This blog means a lot to me... probably one of the most meaningful moments in my life...
I hope it will challenge us all to live different.
Our last day of ministry ended with time at Manpo Hospital. I'm not gonna lie, I'm not a big fan of hospitals. But faced with the chance of sharing God's purpose and hope to a hurting generation, I knew I had to be a part of this. We walked into the children's ward not sure what we would see. On the walls were posted Disney characters, the once white plastic now turned yellow. Each wall was lined with old metal cribs, the white paint, now chipping away. It seemed like I was stepping into a hospital in the 1940's.

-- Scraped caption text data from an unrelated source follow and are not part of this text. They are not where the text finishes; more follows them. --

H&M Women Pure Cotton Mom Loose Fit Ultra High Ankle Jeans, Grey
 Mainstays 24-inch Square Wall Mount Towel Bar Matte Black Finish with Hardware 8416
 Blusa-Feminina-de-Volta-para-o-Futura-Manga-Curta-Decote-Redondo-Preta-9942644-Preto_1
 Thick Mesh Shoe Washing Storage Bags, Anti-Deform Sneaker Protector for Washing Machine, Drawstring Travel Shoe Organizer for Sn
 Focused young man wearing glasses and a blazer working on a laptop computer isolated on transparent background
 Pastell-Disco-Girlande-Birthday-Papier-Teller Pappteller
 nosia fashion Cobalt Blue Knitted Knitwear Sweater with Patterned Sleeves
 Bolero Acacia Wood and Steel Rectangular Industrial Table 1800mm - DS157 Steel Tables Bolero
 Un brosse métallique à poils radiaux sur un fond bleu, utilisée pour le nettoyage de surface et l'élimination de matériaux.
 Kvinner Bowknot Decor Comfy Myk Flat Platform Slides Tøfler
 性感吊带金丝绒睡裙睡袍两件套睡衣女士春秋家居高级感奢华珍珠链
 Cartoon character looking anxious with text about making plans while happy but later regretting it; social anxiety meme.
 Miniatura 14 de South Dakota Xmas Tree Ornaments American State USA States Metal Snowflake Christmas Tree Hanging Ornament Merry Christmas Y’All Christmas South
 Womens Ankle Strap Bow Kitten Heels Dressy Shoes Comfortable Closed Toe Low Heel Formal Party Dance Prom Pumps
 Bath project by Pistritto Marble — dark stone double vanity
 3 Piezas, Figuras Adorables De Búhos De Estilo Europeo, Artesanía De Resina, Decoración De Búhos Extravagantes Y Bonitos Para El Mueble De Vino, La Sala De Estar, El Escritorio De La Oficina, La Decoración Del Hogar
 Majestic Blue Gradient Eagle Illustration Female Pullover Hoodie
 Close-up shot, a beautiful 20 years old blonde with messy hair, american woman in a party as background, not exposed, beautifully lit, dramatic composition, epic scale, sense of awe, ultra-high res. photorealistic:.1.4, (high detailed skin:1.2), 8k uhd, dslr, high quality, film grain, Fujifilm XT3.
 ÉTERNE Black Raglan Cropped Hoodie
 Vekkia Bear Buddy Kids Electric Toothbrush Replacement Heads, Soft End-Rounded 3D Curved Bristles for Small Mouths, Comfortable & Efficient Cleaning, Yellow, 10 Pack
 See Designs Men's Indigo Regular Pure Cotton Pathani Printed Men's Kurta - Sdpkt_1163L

Children's arms were wrapped in makeshift slings. Some baby's crying, while mothers sat close to them, while some laid thee on their own -no one to hold them, no one to comfort them. One baby, laid there in solitude, not able to open her mouth, but whimpering from the pain of the soars that covered her body. I looked into her deep brown eyes, wondering if anyone would tell her that she mattered, she had a purpose? Later holding her in my arms, I hummed a simple song to her, a song that by fifth grade made me roll my eyes, because it made me feel like a little kid. Now, this day, I realized that within this song was a message that I wished her tiny ears could understand and remember. Jesus Loves me, this I know, for the Bible tells me so... Will someone be there to read her the Bible and tell her how great God's love is for her? Were the soars on her body from burns that she suffered from neglect, were they from AIDs ravaging her body, slowly tearing away at her skin? As the questions filled my head, I wanted to weep for her. Who would be there for her? How much time would she have to live her life on this earth? God why would such an innocent life be suffering so much?
I was not there to feel sorry for her though. We were here in this ward to deliver hope, purpose, God's love to her. For the short time we were there, minutes, I had to believe that God had a purpose for her. Even at her young age, I prayed that she would know that purpose and find that great love that God has for her. I prayed that she would continually feel God's love wrapping her close.